Your task
Repeat exactly the lines of the material below that run from the "Solar Lanterns Outdoor" line to the "8 Piece Evil" line, including both, and do not carry over any pictures.

Dataset excerpts
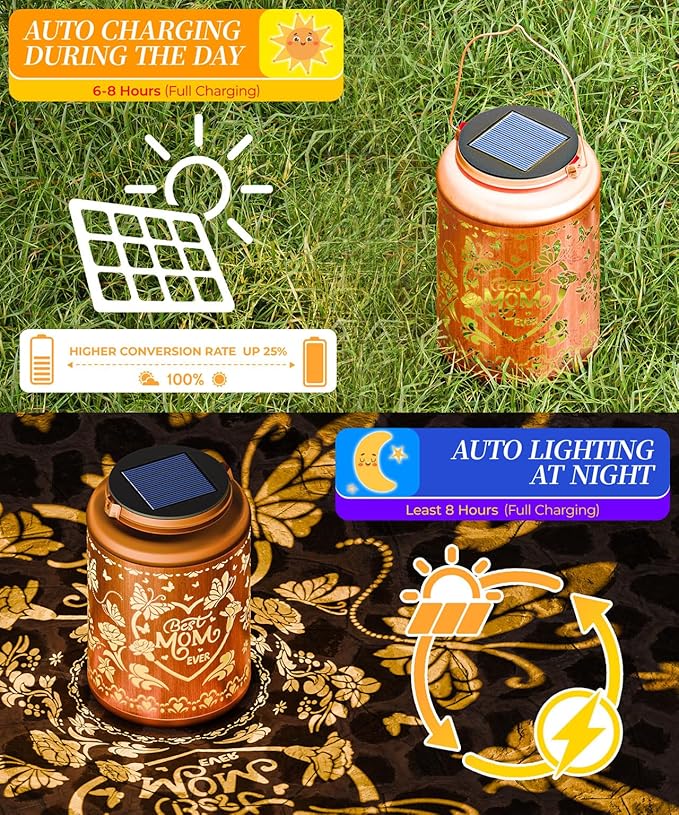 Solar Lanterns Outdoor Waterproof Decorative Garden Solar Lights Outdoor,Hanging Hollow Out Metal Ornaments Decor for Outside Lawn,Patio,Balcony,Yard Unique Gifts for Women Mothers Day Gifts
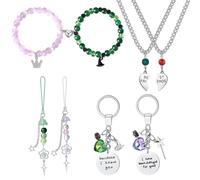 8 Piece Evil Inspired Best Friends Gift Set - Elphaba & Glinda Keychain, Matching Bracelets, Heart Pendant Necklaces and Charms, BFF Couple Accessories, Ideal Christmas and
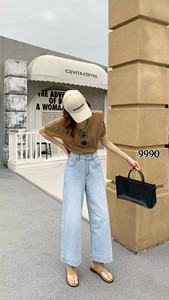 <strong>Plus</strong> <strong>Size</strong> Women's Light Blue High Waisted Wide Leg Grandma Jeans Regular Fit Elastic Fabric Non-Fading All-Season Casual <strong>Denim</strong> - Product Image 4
---
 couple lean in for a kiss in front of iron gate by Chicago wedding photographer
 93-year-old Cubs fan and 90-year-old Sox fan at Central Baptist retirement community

Output for this task
 Solar Lanterns Outdoor Waterproof Decorative Garden Solar Lights Outdoor,Hanging Hollow Out Metal Ornaments Decor for Outside Lawn,Patio,Balcony,Yard Unique Gifts for Women Mothers Day Gifts
 8 Piece Evil Inspired Best Friends Gift Set - Elphaba & Glinda Keychain, Matching Bracelets, Heart Pendant Necklaces and Charms, BFF Couple Accessories, Ideal Christmas and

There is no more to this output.